China Cut Rates, NZ Trade Deficit To Narrow

 | Oct 26, 2015 08:30AM ET

PBoC cut rate and RRR

As expected the People’s Bank of China further eased its monetary policy as it proceeded with another cut in the 1-year lending rate and the reserve requirement ratio. The first one was trimmed by 25bps to 4.35%, while the ladder was cut by 50bps to 17.50%. The market’s initial response was to send global equities substantially higher. However, the rally did not last long as market participants also interpret this as a sign of weakness from the world’s second biggest economy. China is still adapting toward its “new norm” and we believe that additional rounds of stimulus are necessary to cushion the hard lending. On the FX front, the constant pressure on USD/CNY suggests that the PBoC is continuing to sell its foreign exchange reserves.

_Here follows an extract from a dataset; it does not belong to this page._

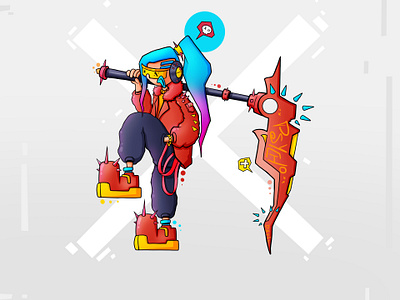 Cyberpunk character illustration graphic design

The strong rumours surrounding the inclusion of the renminbi in the currency basket for the valuation of the SDRs of the IMFs also provide strong support to the Chinese currency.

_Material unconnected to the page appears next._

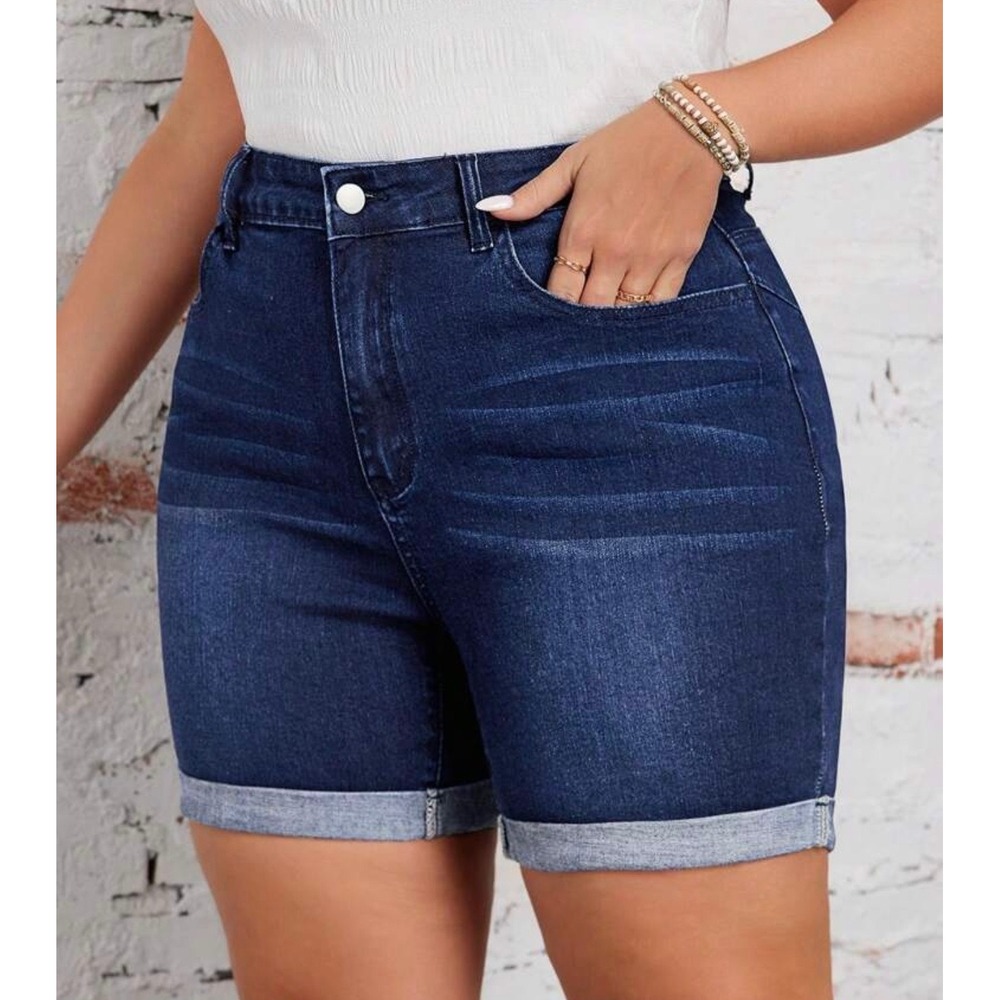 EMERY ROSE High Waisted Cuffed Denim Shorts Dark Wash Stretch Jean Shorts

New Zealand’s trade balance ahead of RBNZ decision

The Kiwi trade deficit is expected to have narrowed in September after printing a 6-year record last month. Exports are expected to have risen to NZ$3.90bn, helped by rising global dairy prices, compared with a reading of NZ$3.73bn the previous month. The market anticipates imports to have increased slightly to NZ$4.78bn from NZ$4.77bn in August. In spite of a temporary improvement of global dairy prices in September, prices fell unexpectedly last week. It increasingly appears that the market overestimated the resilience of the kiwi economy against global headwinds. The recent improvement of the economic outlook will prove to be short-lived and we anticipate the RBNZ to deliver a dovish message on Wednesday, arguing for a weaker NZD. From our standpoint, the risk in NZD/USD remains to the downside and we see the $0.6619 support as the next target.

French total jobseekers

Over the last seven years, the situation in the Eurozone is becoming more difficult. France is not an exception in the continent and the total number of French Jobseekers has increased by more than 80%. In 2008 around 2 million people were actively looking for a job while it currently holds above 3.5 million. Today’s data are expected to see a net change of 3000 more person. Air France, Fram (the travel agencies) are symbols of the problems. Those companies are either closing (Fram) or restructuring (Air France (PA:AIRF)).

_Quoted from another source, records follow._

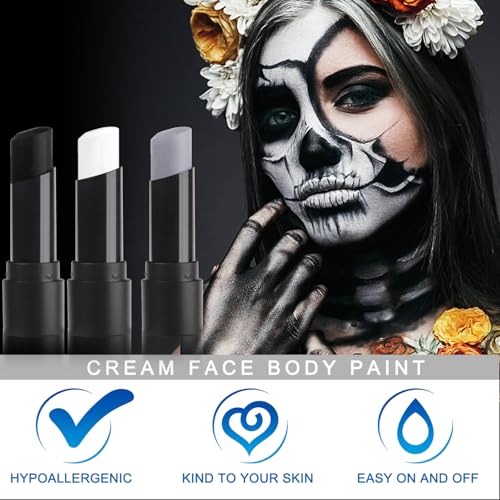 Face Body Paint Stick Set - Black White Light Grey Halloween Skeleton Clown Cosplay
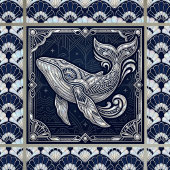 Art Deco Wal Mutter der Perle Schifffahrt Marine Fliese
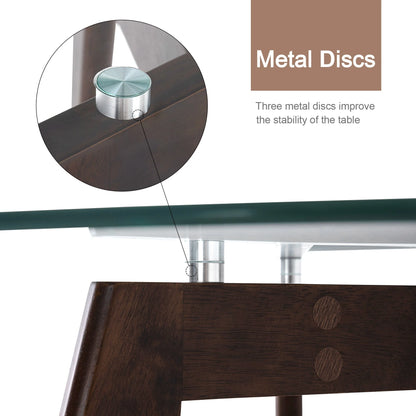Ivinta Modern Round Glass Home Kitchen Small Dining Table Brown Oak Legs 31.5 inch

We believe that the ongoing trend of increasing jobseekers is not going to stop. France is still paying the price of the deindustrialization. Its trade deficit remain very large at around 3€ billion. Plus, the inability to debase its currency to be more competitive only paves the way to more austerity policies. Symbol of those difficulties, the French debt-to-GDP ratio is exploding. Officials were saying that such an economy was not sustainable with a ration above 90%. Now that the French ratio is way above this threshold, we can wonder about the good health of its economy. Over the long haul, we remain bearish on the single currency.